Icelandic fishing giant Samherji Group ran a spying syndicate on one of its former bosses, Johannes Stefansson, to get insight into the status of operations in Namibia.

The company has continued to deny allegations that it was party to the Fishrot scandal, which saw over N$150 million in alleged bribes paid to politicians and their cronies.

The spy ring is contained in an affidavit filed with the High Court on Monday written by Jon Ottar Olafsson, who claims he was recruited by Samherji allegedly to gather information from Stefansson and feed it to the Icelandic bosses.

Stefansson became a target at the corruption-accused multinational seafood giant after he blew the whistle on alleged rampant corruption by releasing a trove of over 30 000 internal documents to Wikileaks.

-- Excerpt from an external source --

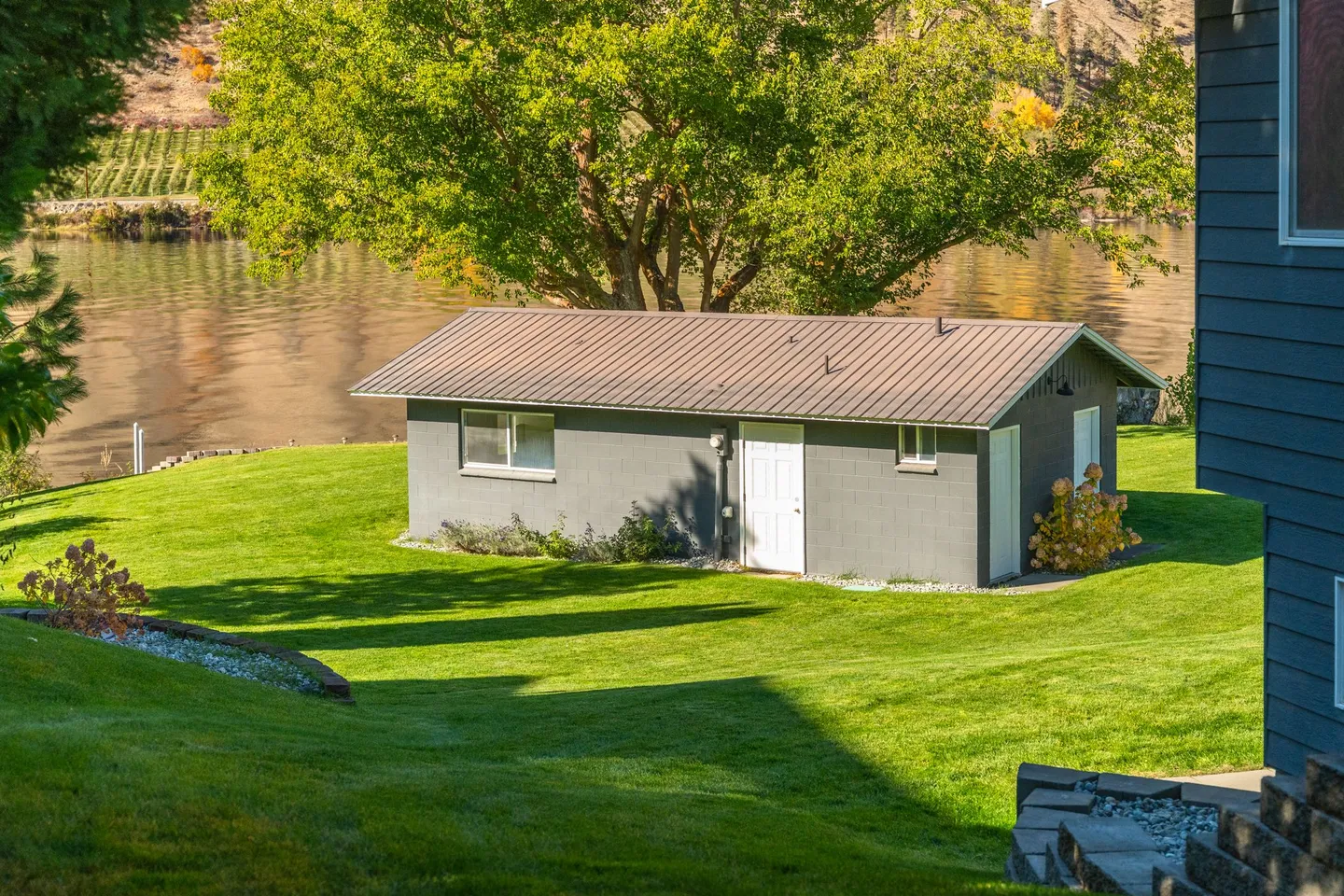 A detached grey outbuilding with a metal roof on a grassy lawn beside a body of water.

Samherji claims the information released to Samherji was “cherry-picked”.

“I was surprised when I found out that out of almost 200 000 emails that Mr Stefansson sent or received between 2008 and 2016, only 19 497 emails are on Wikileaks,” Olafsson said.

A private investigator of the Icelandic fisheries company, Olafsson details in his affidavit how he was tasked in 2016 to travel to Namibia “to investigate what was really going on and report back to them regarding issues such as financials, staff and other operational matters”.

Dodging calls

Coming to Namibia under the pretence of being Stefansson’s operational assistant, he said the trip was necessitated because “the management team in Iceland had very little insight into the operations and status in Namibia and often had great difficulties reaching Stefannson”.

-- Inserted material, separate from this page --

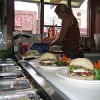 A customer waits for her food at the organic Roots restaurant. Credit: Enrique Gili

Stefansson allegedly always made excuses and ignored emails and phone calls from his superiors in Iceland.

Olafsson said Samherji wanted to fire Stefansson in 2016 and replace him with other expatriates in Namibia. Such plans, Olafsson said, were halted as “that turned out not to be feasible”.

“The reason was that no one in the group, apart from Mr Stefansson, had an overview of or insight into the operations in Namibia or contact to vendors and business partners,” he said.

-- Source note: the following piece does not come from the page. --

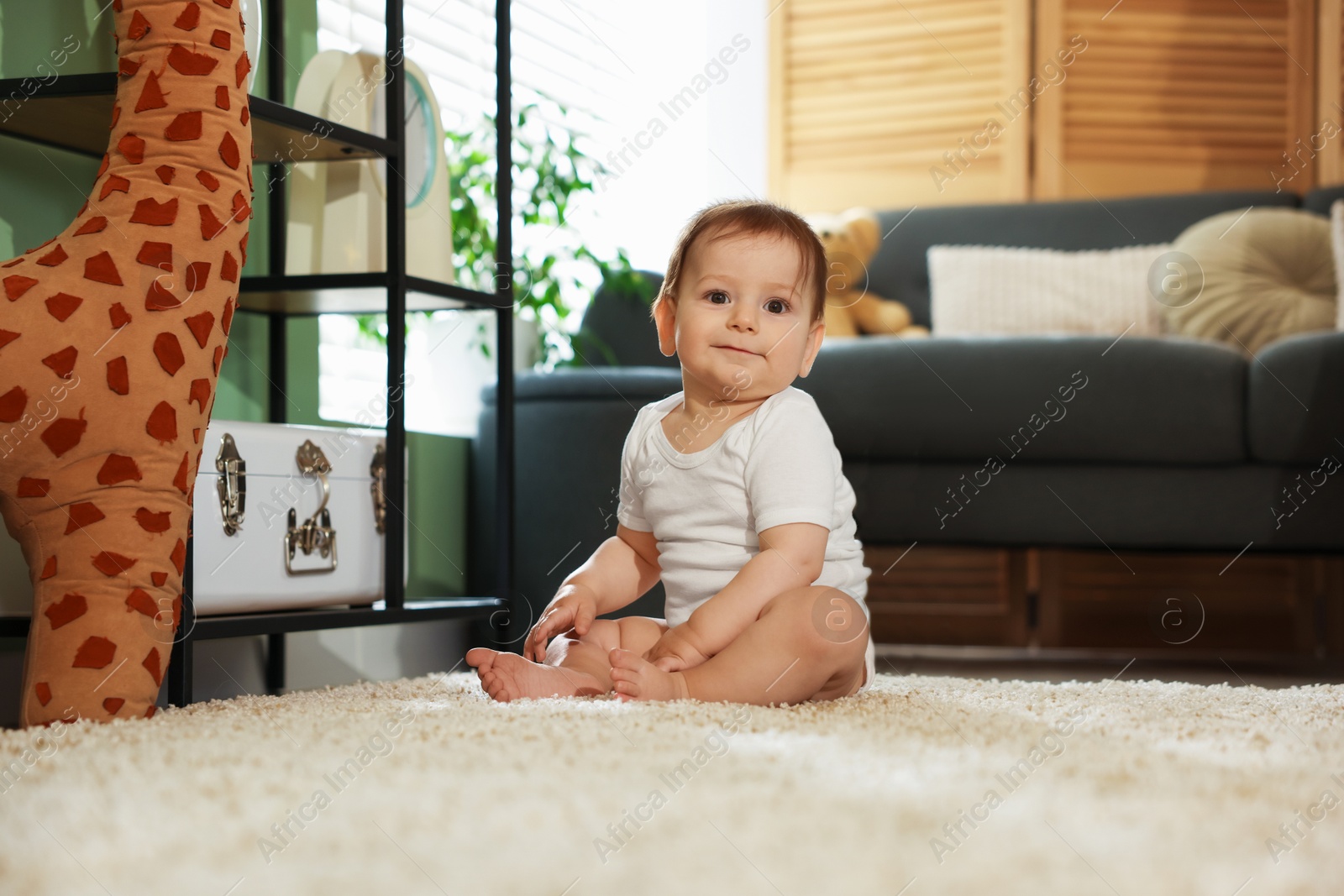 Cute little baby sitting on carpet at home Photo of Cute little baby sitting on carpet at home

Stefansson was allegedly the only contact between Samherji and its Namibian partners.

Olafsson detailed how he had kept trying to become Stefansson’s friend on several occasions in order to win his trust “to gather as much information as was possible”.

“I started talking to Mr Stefansson about the work in Namibia and hinted that I was not happy about being sent there. That I wanted to stay in Iceland.”

He also said Stefansson’s plan to was do business in South Africa.

“He proudly told me that he had already established political contacts there that would lead the group to getting a lot of quota in the coming years, all the way up to the minister of agriculture and fisheries. This came as a surprise to me as neither Mr [Aðalsteinn] Helgason, nor Ms [Arna] McClure had mentioned to me that the focus of the operation was moving from Namibia to South Africa,” he narrated.

Behind closed doors

Olafsson would update the bosses in Iceland on the progress made as far as obtaining information from Stefansson is concerned.

He said Stefansson did not want him to meet Fishrot-accused persons such as James Hatuikulipi, Tamson Hatuikulipi and Sacky Shanghala.

“From the onset, it was clear that Mr Stefansson did not want me to meet with them by myself or sit in meetings with them. Every meeting began with Mr Stefansson speaking to them behind closed doors and then he came out to call me in. I noticed that Mr Stefansson communicated with them extensively via WhatsApp and kept 100% control over the relationship with those men,” Olafsson said.

He added that Stefansson owned a company called Karee Investments One Two Three which operated fish shops owned by Samherji. The Samherji bosses in Iceland allegedly had no knowledge about the existence of these fish shops in Oshikango.

“The company operating the fish shops and the trading company, Karee, was not owned by the group as Mr Stefansson had told me but instead it was owned by himself. Nevertheless, the group financed the operations as it was believed to be a group company,” he revealed.

Olafsson alleged in the affidavit that in November 2016, months after Stefansson was fired, he [Stefansson] transferred N$200 000 from Karee to his personal bank account meant to pay salaries and other operational expenses.


Stefansson on several occasions alleged that Samherji’s way of doing business was simply through bribes.

Olafsson, however, said Stefansson did all the negotiations and not the group.

Stefansson was allegedly unhappy working for Samherji because “he was owed a lot of money in bonuses for all the quotas he had brought to the operation in Namibia”.

Olafsson also said he was the one who informed the management at Samherji’s headquarters in Iceland that Stefannson was planning to quit.

“He was going to stay with the group for a few more months and then betray them and start cooperating in Africa with another seafood company from Iceland. He told me that the minister of fisheries in Namibia had been told and apparently approved this plan.

“The quotas would be taken from the group, according to Mr Stefansson,” Olafsson said.